Please l would appreciate anyones help.

Thanks,


----------



## Wanderer (Jun 16, 2007)

If you have a read of* Booklet #1*, from about page 27 -32 or thereabouts it explains it pretty well.
In summary, it says something like an Australian statutory declaration is only for Australian citizens/residents and though a non citizen/resident statutory declaration from abroad carries no legality for Australia, it is recognised that other countries have similar documents and those countries will have their authorised people _[ often called notaries ] _that can witness them.


----------



## HM20 (Apr 26, 2011)

Can a Australian family or friend support our relationship using the form 888 for declaration even if they are living out side Australia .


----------



## Shaztadaisy (Sep 11, 2010)

*888 declarations*



HM20 said:


> Can a Australian family or friend support our relationship using the form 888 for declaration even if they are living out side Australia .


Hi,
All my 888 forms were accepted from Australian citizen who were not residing in Australia. Provided they supply a copy of ID such as birth certificate or passport it is ok. We are coming to the end of our process, good luck with your application.


----------



## gingerboy (May 4, 2010)

I'm slightly worried about a recent application I made as I didnt use the form 888, but instead put mine and my partners, and asked 4 Aussie friends to use the form I found on the AG website. Passports and birth certs were supplied, and addresses, but not all the other contact details like phone numbers and stuff which are requested on the 888 form...and I guess they need that in case they want to call the friends to check anything. 

So does anyone know if this is a problem for Immi? Do they only accept the 888 form with visa applications? I really hope they dont have a problem with it, as it is a legal Australian form that I used :-( Just not all the info they might have wanted!

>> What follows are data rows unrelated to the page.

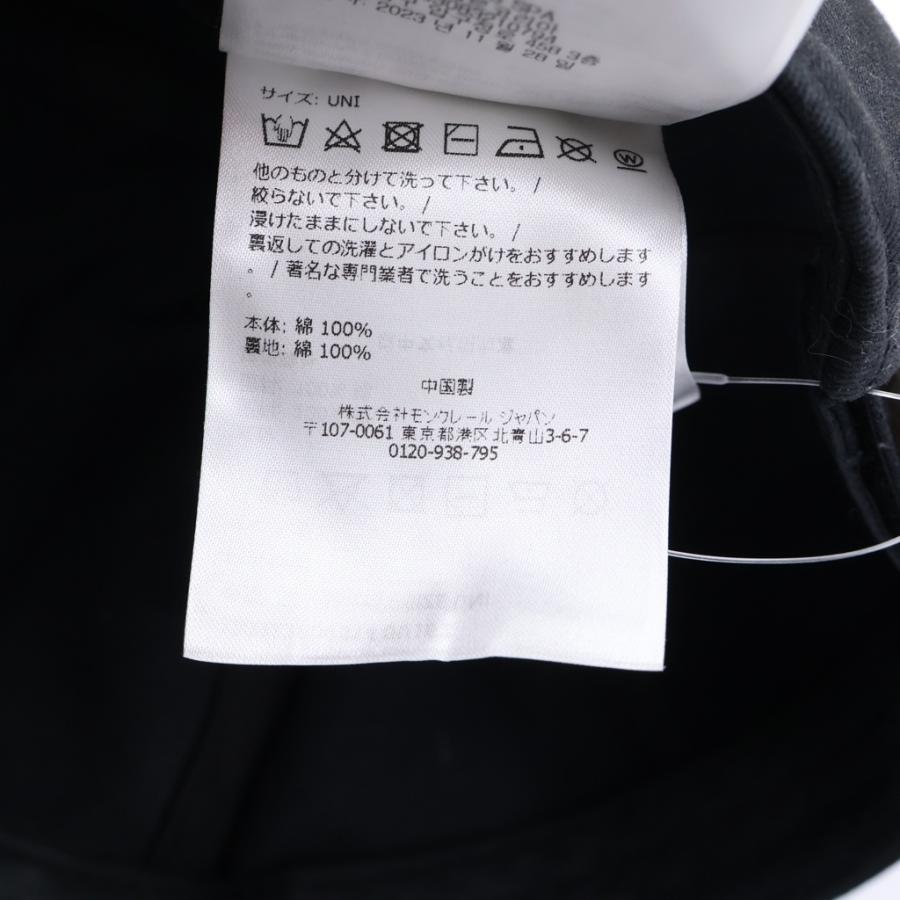 MONCLER（モンクレール） 24AW BASEBALL CAP ロゴパッチ ベースボール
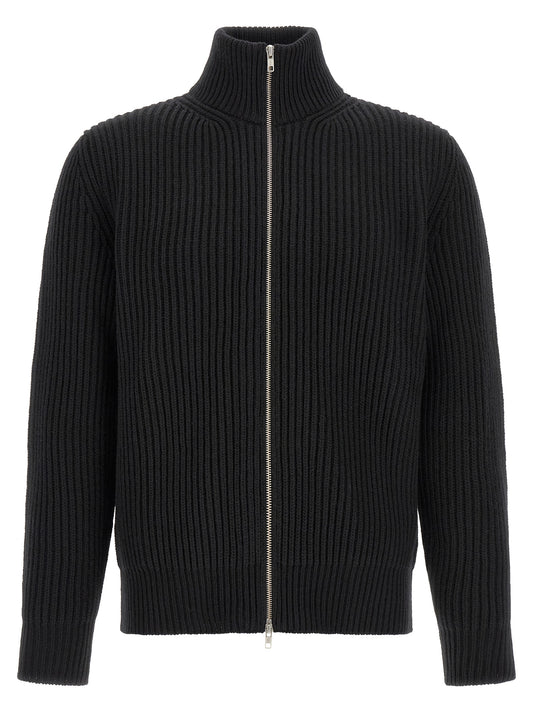 Black Wool Full-Length Jacket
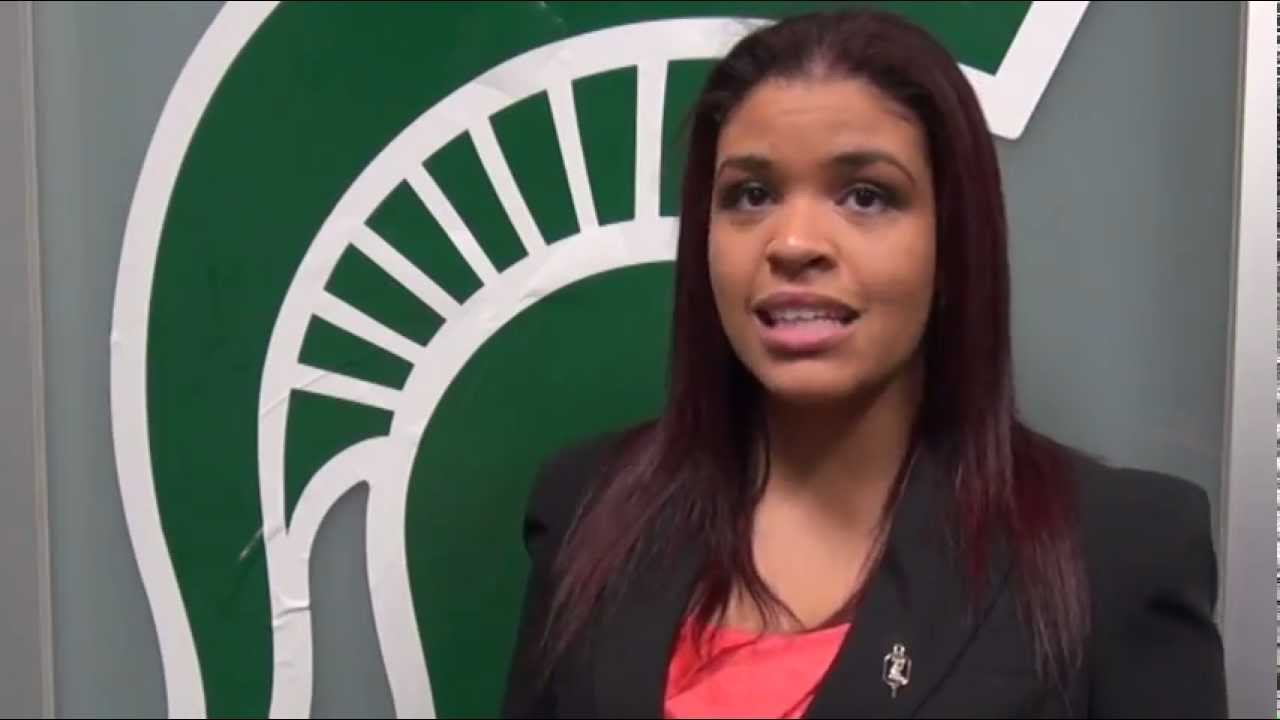 Michigan State's Ilycia Shaw: Midwest region student employee of the year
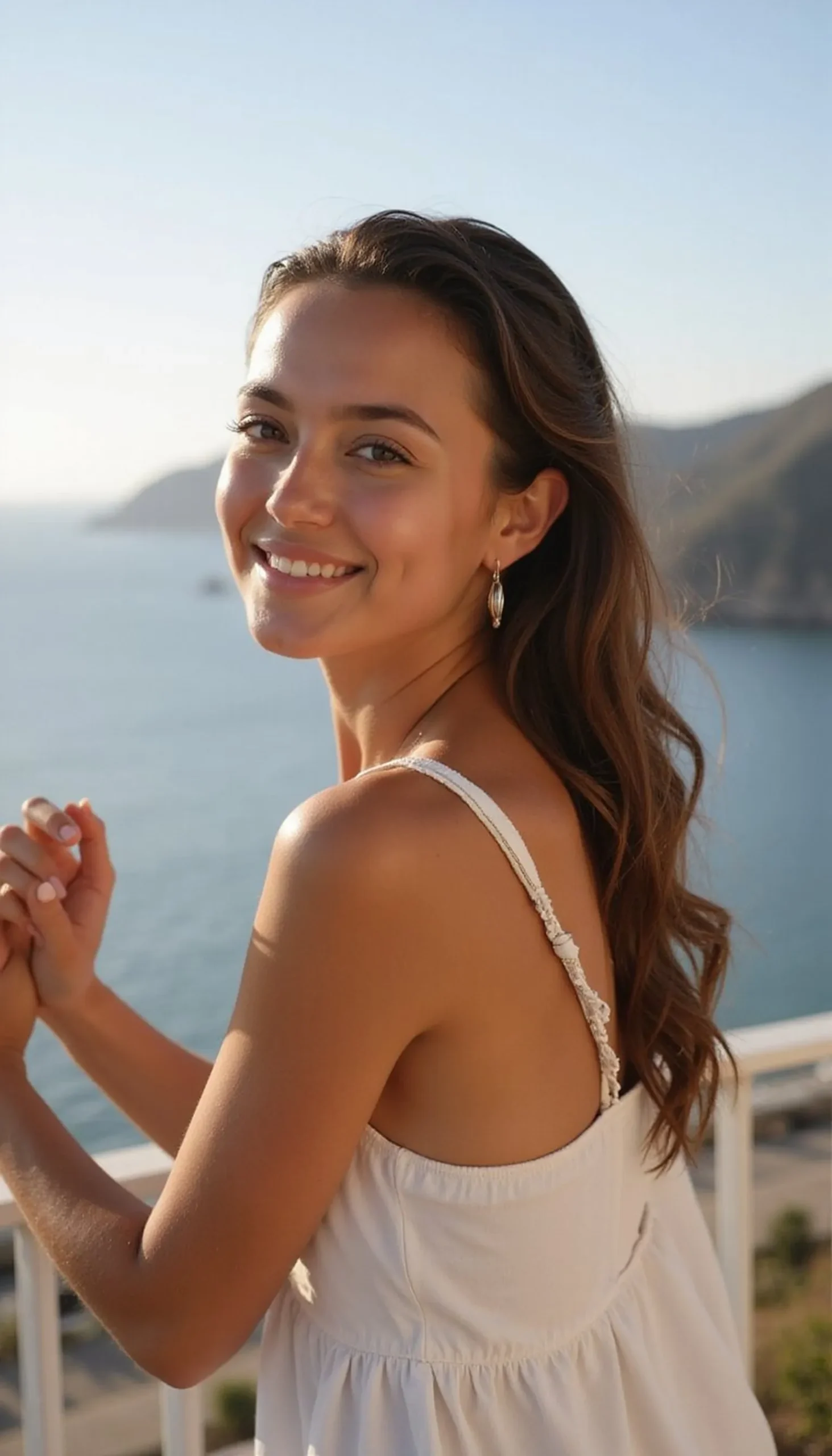 Wet-Look Slick Back For Modern Beach Glam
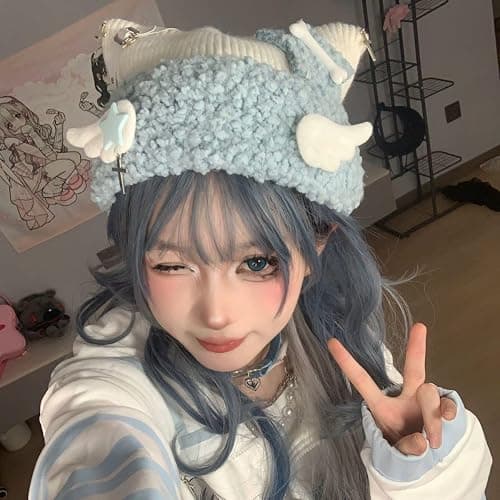Zenrave Tenshi Kaiwai Accessories Jirai Kei Hat Cutecore Y2K Cute Tenshi Kawaii Jojifuku Harajuku Shoujo Outfit thumbnail 4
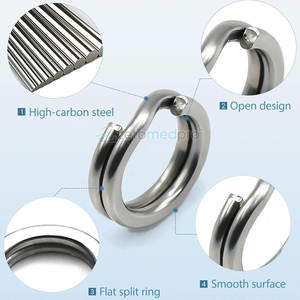Anneaux de pêche en acier inoxydable, parfaits pour les leurres et les hameçons, résistants à la rouille, solides et fiables pour les pêcheurs - Product Image 2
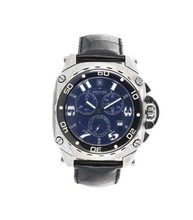 R?gnier Variya R1275 Chronograph Black Leather Strap 2040132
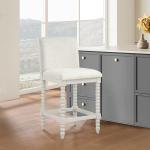 White Linen Kaylee Antique Counter Stool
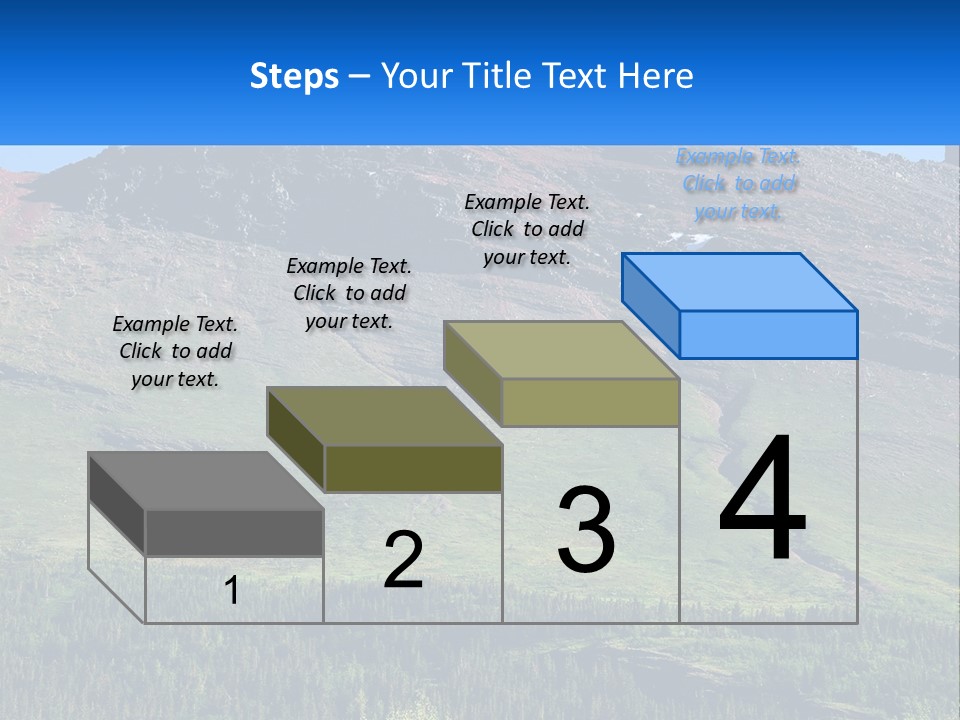 Summit Travel Slope PowerPoint Template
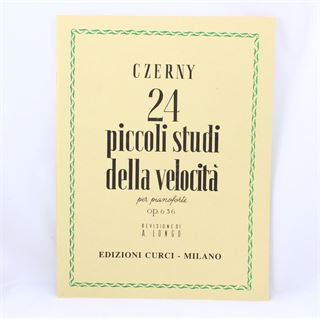 Immagine di CZERNY - 24 PICCOLI STUDI DELLA VELOCITA' OP. 636 - ED. CURCI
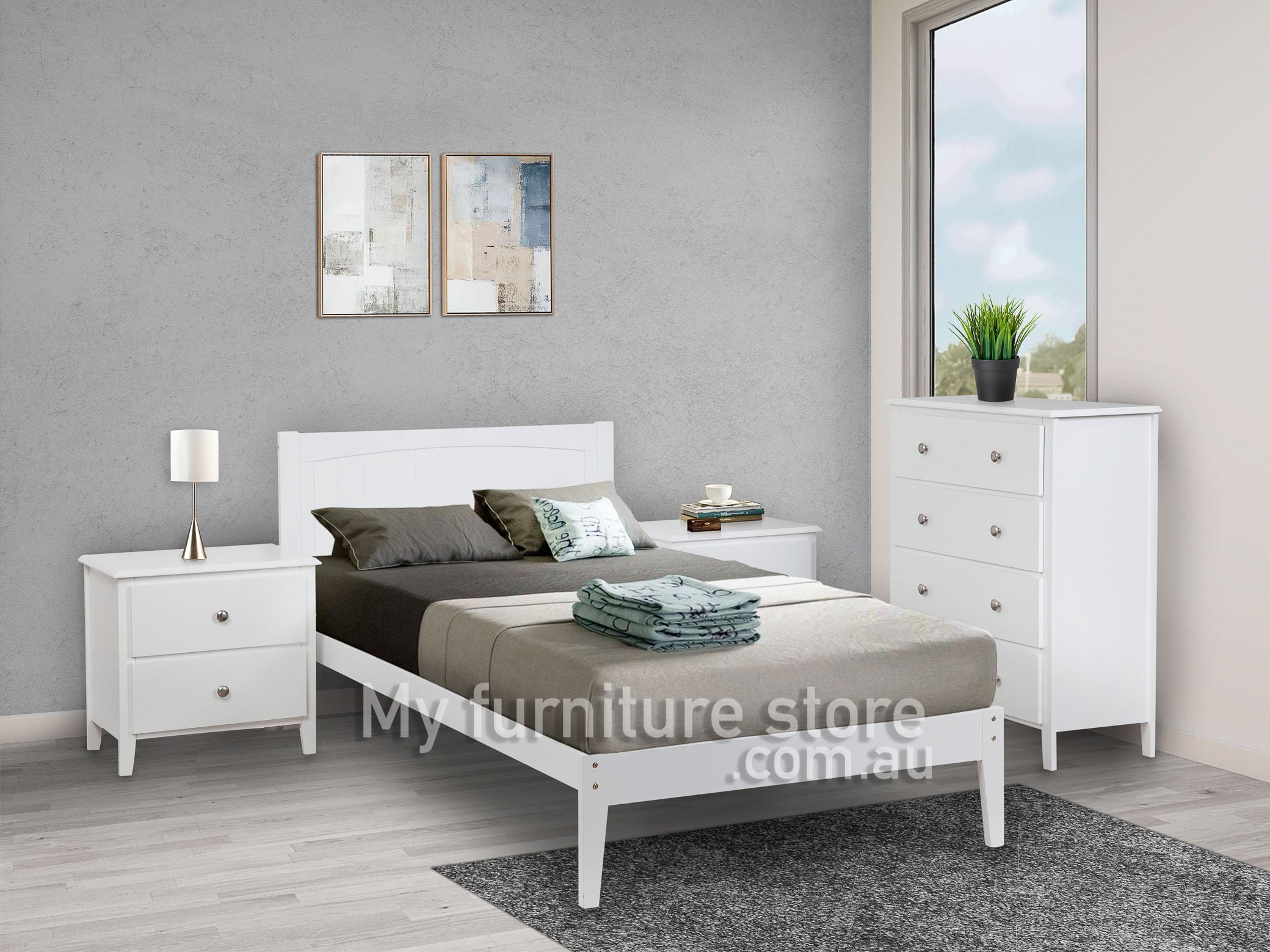 KING SINGLE ARIANNE (AUSSIE MADE) BED - ASSORTED COLOURS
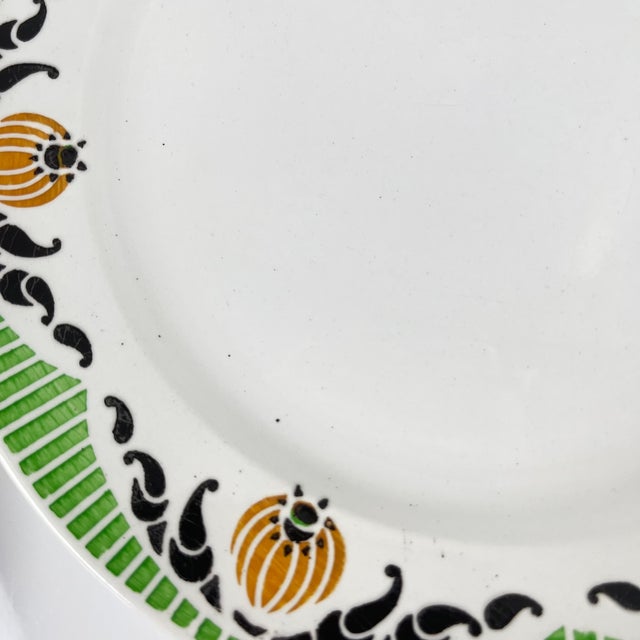 Ceramic Maroussia Dessert Plates from Sarreguemines, 1930s, Set of 7 For Sale - Image 7 of 11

Fingers crossed the worst that comes of it is they contact me and ask me to do stat decs again on form 888...rather than reject the application....


----------



## aussiegirl (Dec 15, 2009)

The form 888 is basically DIAC's version of a stat. dec. It is set out exactly like a stat.dec, so if your friends and family used an official stat. dec form, it should be no problem. As for their contact details, I suppose DIAC will contact you if they need it.


----------